The Reportable Condition Knowledge Management System (RCKMS) is a project funded by the CDC, through the Council of State and Territorial Epidemiologists (CSTE), to develop a tool that allows jurisdictions to author rules that define whether a patient is reportable for certain conditions. RCKMS includes a Decision Support Service (DSS) that runs the jurisdictions’ rules and determines if a patient is reportable, for which condition(s) and to which jurisdiction(s). RCKMS currently plays a significant role in the broader Digital Bridge project that has been working to provide structure and governance around the national planning and implementation effort of eCR. RCKMS is currently a centralized CDS service that can be accessed by EHRs until they all have local CDS capabilities; and a knowledge authoring environment that allows ongoing distributed rule authoring. RCKMS supports the strategy for public health knowledge management, and it will evolve over time to provide the systems and services to satisfy short-, mid-, and long-term public health CDS requirements. In addition, RCKMS will comply with emerging technical standards that support this work.

Results

RCKMS is currently being deployed as a single, central, national service on the APHL Informatics Messaging Services (AIMS) platform, which is operated and maintained by Association of Public Health Laboratories (APHL). The AIMS platform connects directly with reporters and provides a routing and validation service for incoming and outgoing messages. Two distributed CDS scenarios for decentralized eCR models have been identified.
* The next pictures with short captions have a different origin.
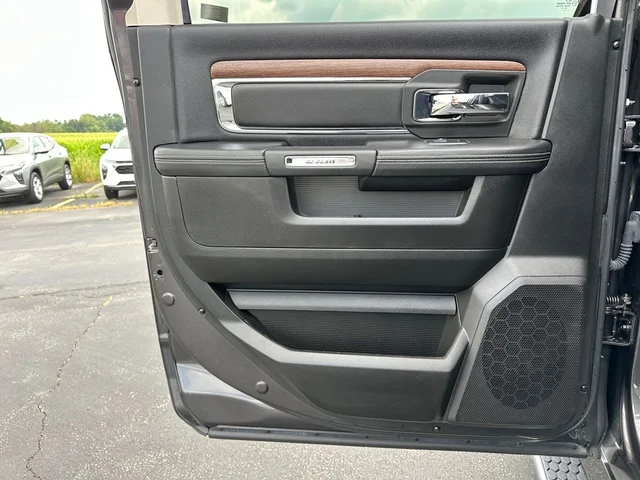 SEMINUEVOS RAM 2500 a Estados en autogozo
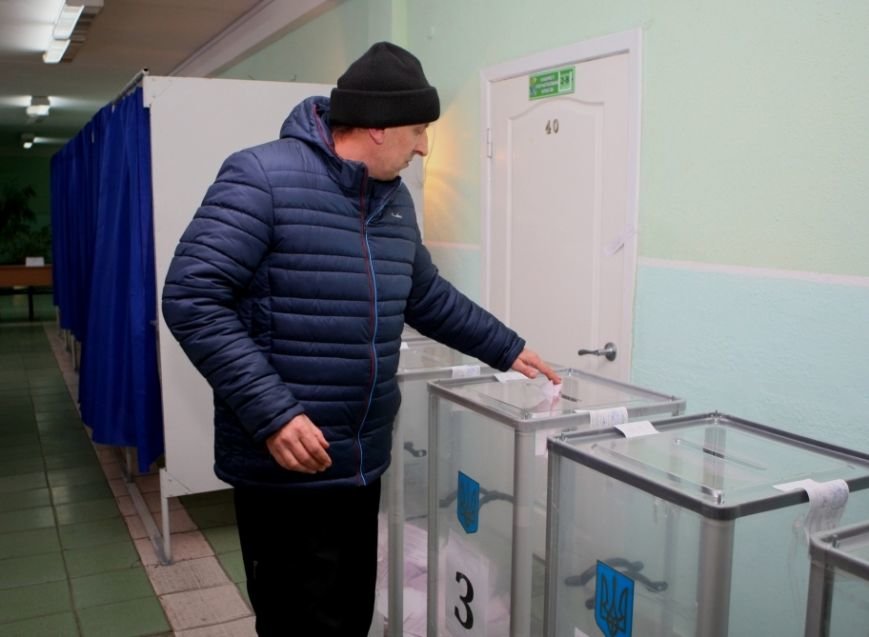 В Днепропетровске на участке была попытка вброса фальшивого бюллете... В Днепропетровске на участке была попытка вброса фальшивого бюллетеня и выноса оригинала для фальсификаций в пользу одного из кандидатов (ФОТО) (фо...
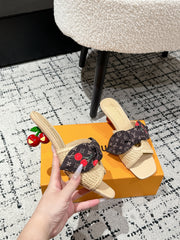 LV CHERRY HIGH HEELS 25S IN BEIGE RAFFIA WITH BOW STYLE 13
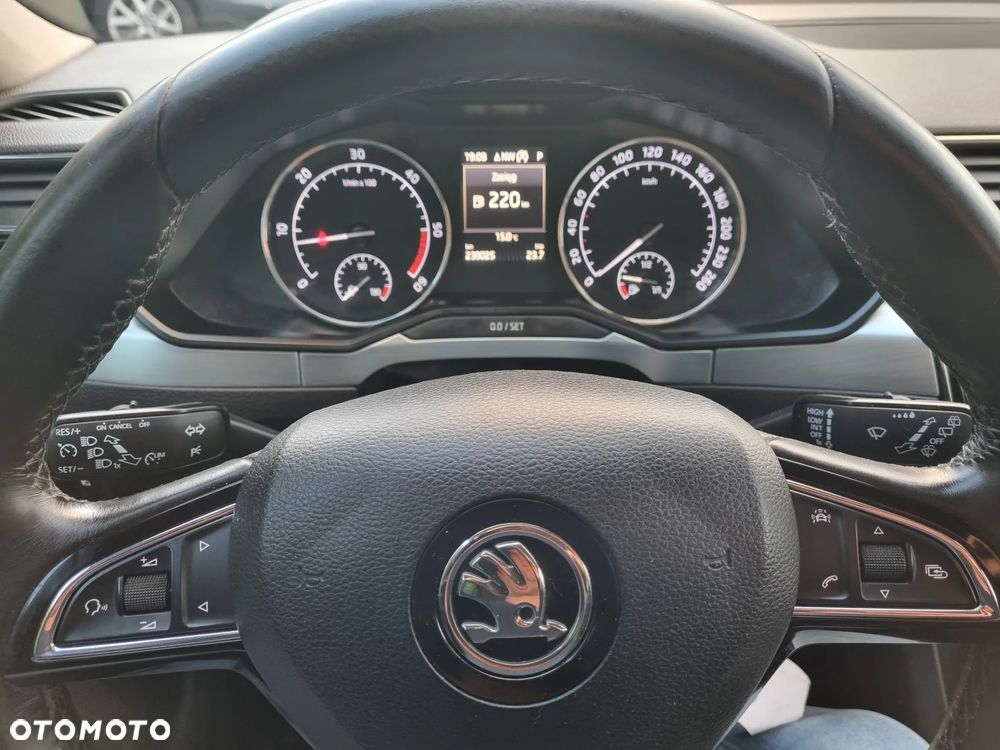 Skoda Superb 1.6 TDI DSG Style - 14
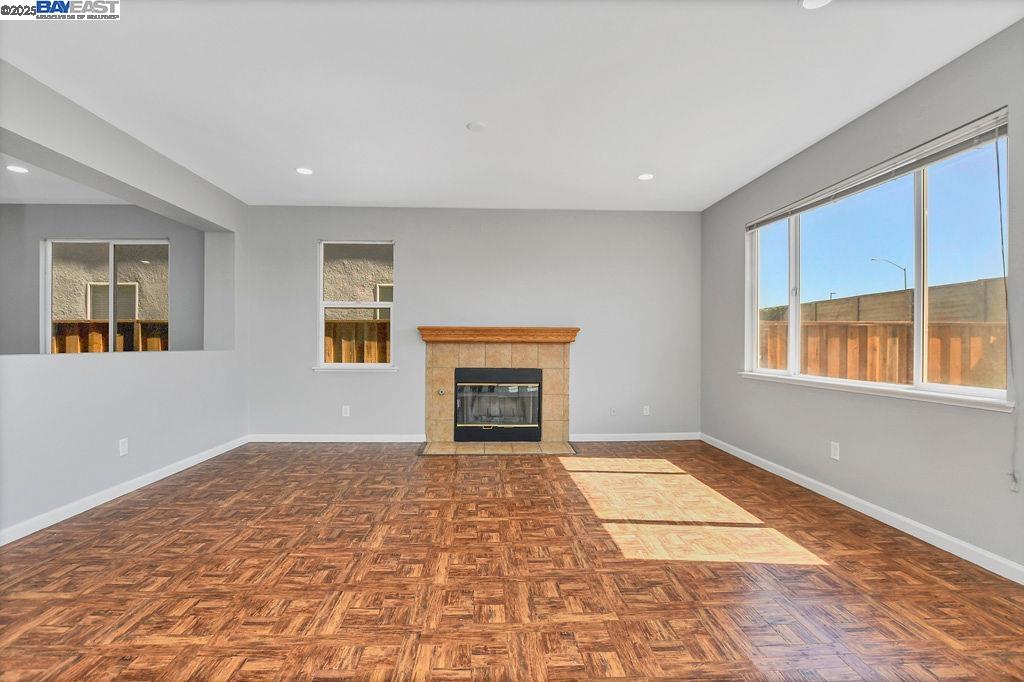 Detail Gallery Image 8 of 30 For 3681 Yacht Dr, Discovery Bay,  CA 94505 - 4 Beds | 2/1 Baths
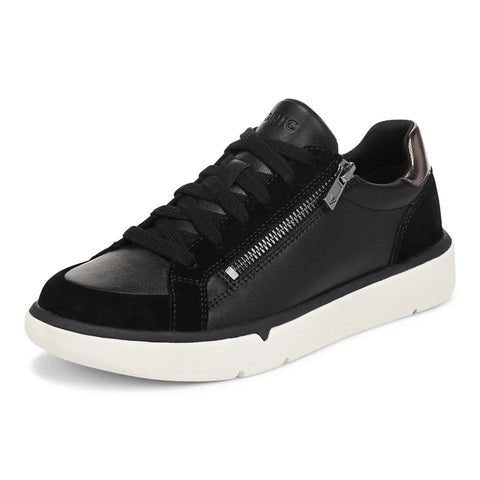 City Walk AXS Sneaker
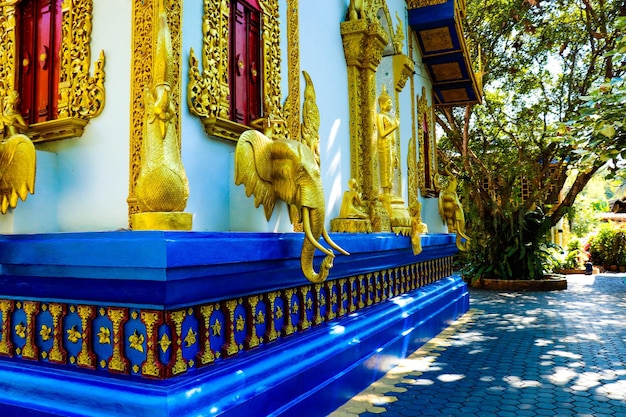 Un bellissimo tempio buddista situato a Chiang Mai Thailandia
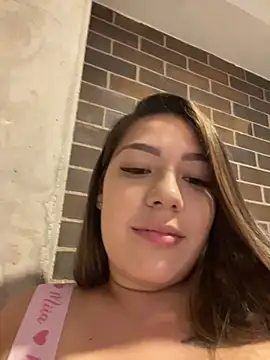 Snapshot of Latina_vanessa chatting on August 4, 2026, 3:21 am Latina vanessa online show from August 4, 2026, 3:21 am
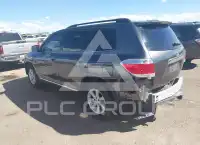 2013 Toyota Highlander фото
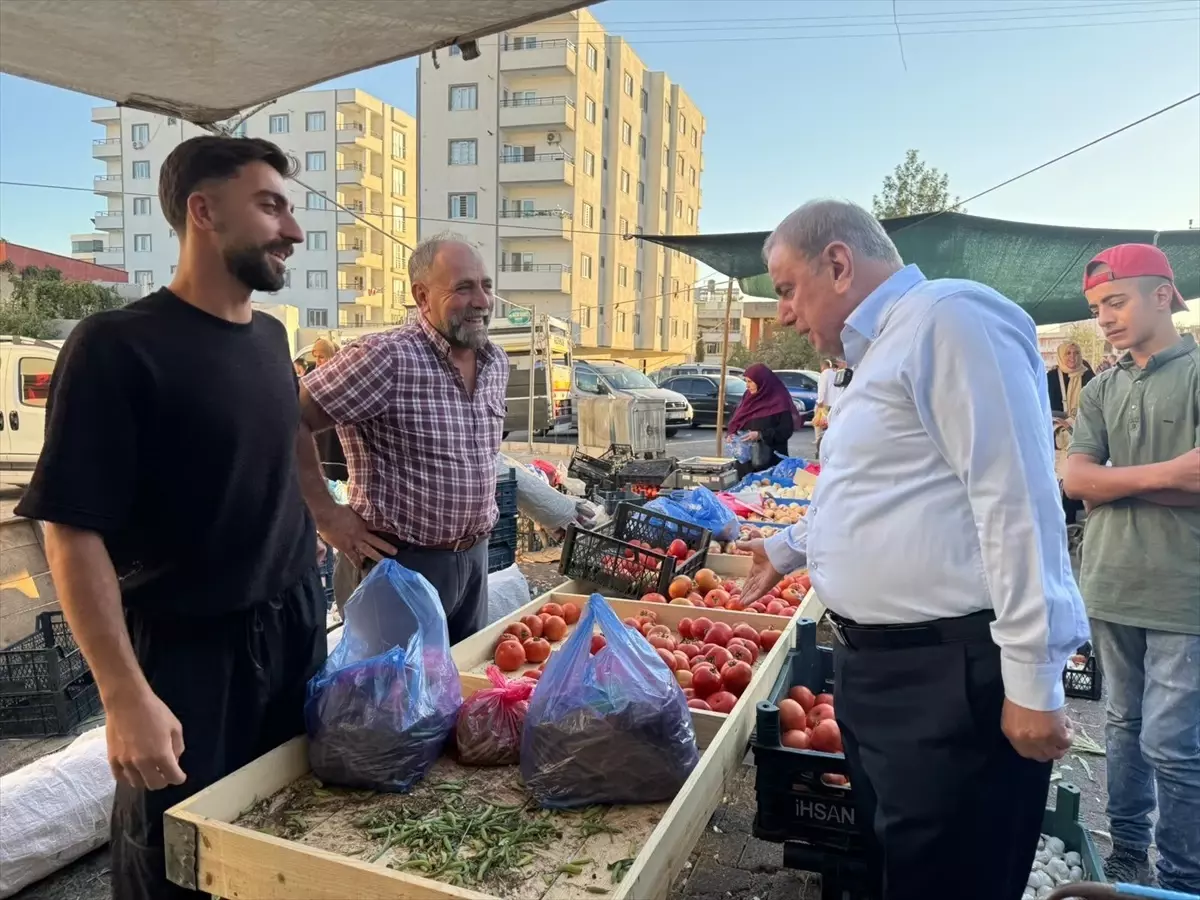 Başkan Şahin, Semt Pazarında Esnaf ve Vatandaşlarla Buluştu
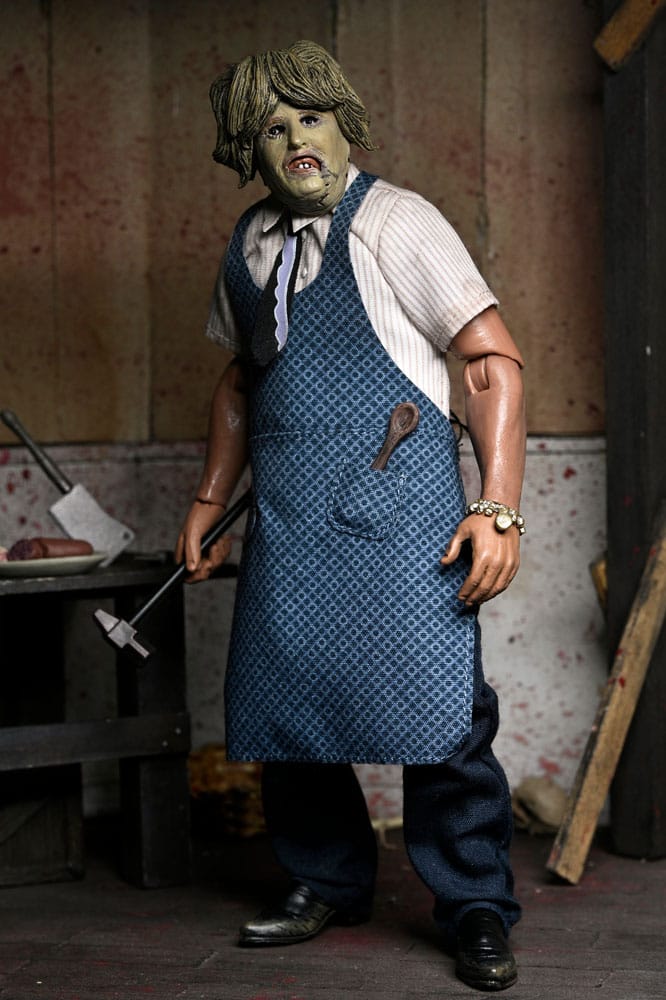 Texas Chainsaw Massacre Clothed Actionfigur Leatherface with Old Lady Mask 20 cm Image 2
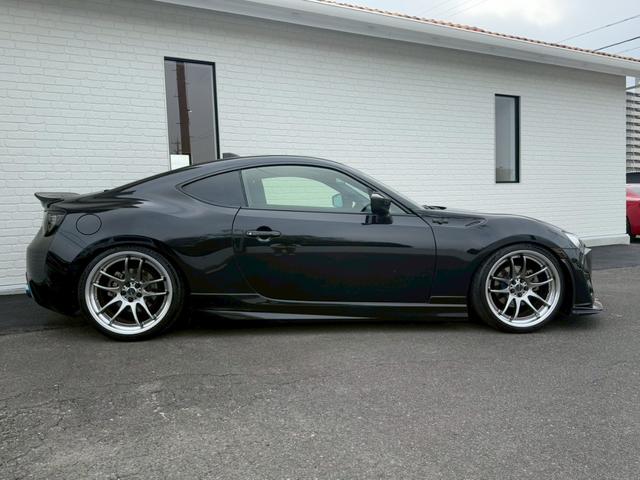 ８６ ＧＴ　エアロ　レカロシート　ＷＯＲＫＥ　ＭＯＴＩＯＮ１９インチＡＷ　ＢＬＩＴＺ車高調／３連メーター　ＭＯＭＯステアリング　社外ナビ　バックカメラ　ボンネットダンパー　ＶＡＬＥＮＴＩテールランプ／バックフォグ（21枚目）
In the first scenario, the Decision Support Service component of the RCKMS software is installed within a clinical organization (as it would be in a centralized service) and executed locally. The second distributed CDS scenario for eCR involves the distribution of the Reporting Specification rules without the software. In this scenario, local electronic health record (EHR) implementations would be required to consume the Reporting Specifications and utilize them in a CDS capability within their EHR.

Conclusions

It is expected that given the diversity of organizations, systems, and architectures in the United States that multiple deployment scenarios for CDS for eCR will be simultaneously deployed for the foreseeable future. It cannot be stressed enough, however, that in all scenarios – centralized and distributed – there must be a centralized and uniform authoring of the Reporting Specification rules, since the specifications themselves originate from public health through a centralized process and must be administered nationally through a well-established process. It is also essential that all sites have all the rules available to them, since there may be multiple jurisdictions whose rules and reporting is required, with the determination of jurisdiction(s) based on where a patient lives and where they receive care.